Problem description :: Look below for the line with "Palindromes are fascinating" and the line with "A folder icon". Copy exactly those two lines and every line between, but not the pictures.

Records for processing ::
☆ ☆ ☆ ☆ ☆ ☆ ☆
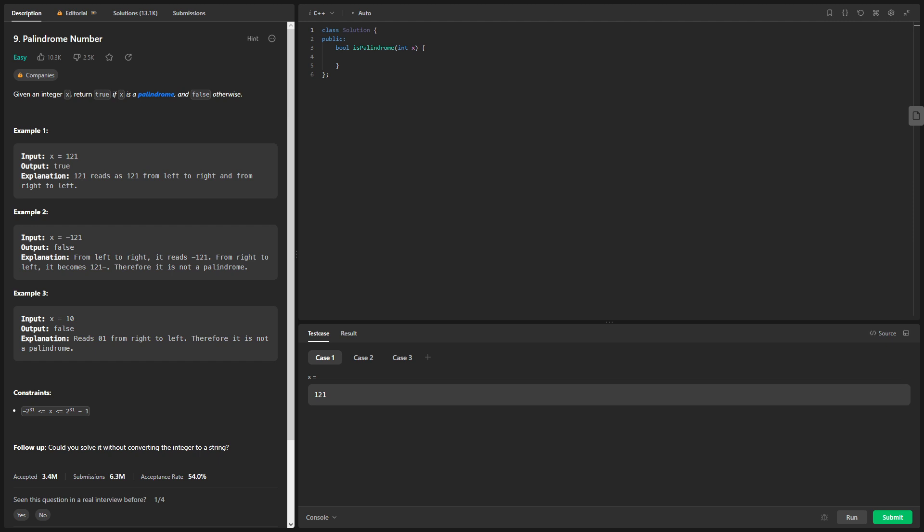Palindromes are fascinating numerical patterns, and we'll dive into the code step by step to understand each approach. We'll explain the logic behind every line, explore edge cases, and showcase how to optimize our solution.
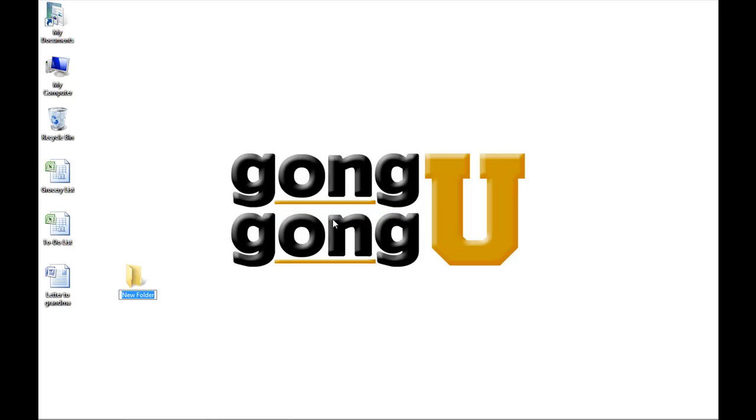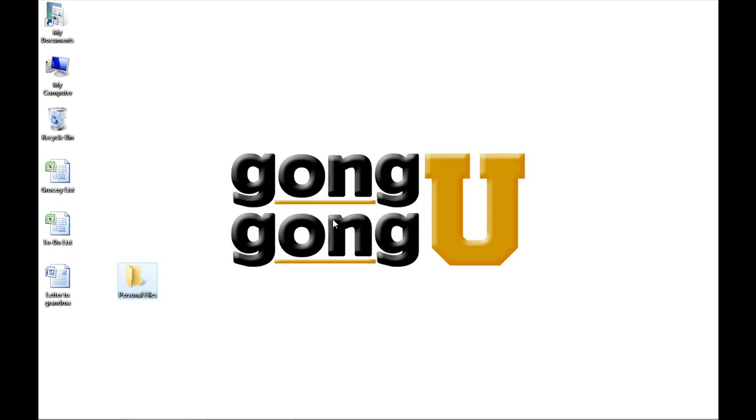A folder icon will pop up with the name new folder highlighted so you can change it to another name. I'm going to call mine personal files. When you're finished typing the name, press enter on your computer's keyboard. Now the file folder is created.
☆ ☆ ☆ ☆ ☆ ☆ ☆
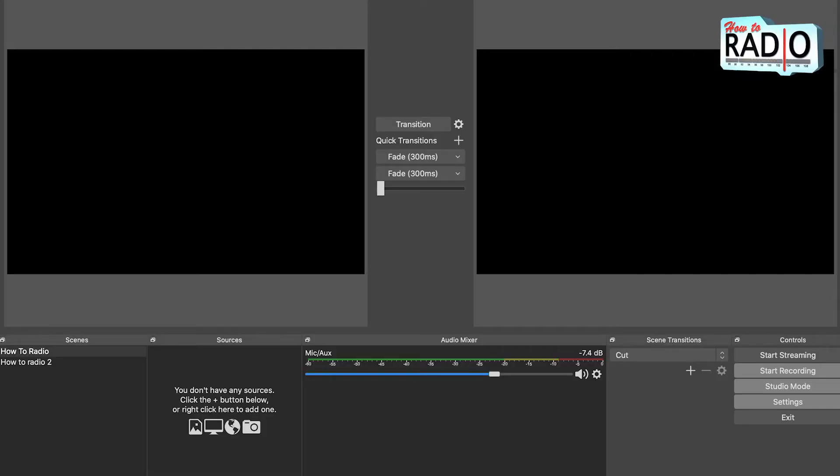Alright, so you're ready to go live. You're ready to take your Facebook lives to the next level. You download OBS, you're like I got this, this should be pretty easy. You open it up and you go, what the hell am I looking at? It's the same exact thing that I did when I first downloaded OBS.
☆ ☆ ☆ ☆ ☆ ☆ ☆
Problem solution ::
Palindromes are fascinating numerical patterns, and we'll dive into the code step by step to understand each approach. We'll explain the logic behind every line, explore edge cases, and showcase how to optimize our solution.
A folder icon will pop up with the name new folder highlighted so you can change it to another name. I'm going to call mine personal files. When you're finished typing the name, press enter on your computer's keyboard. Now the file folder is created.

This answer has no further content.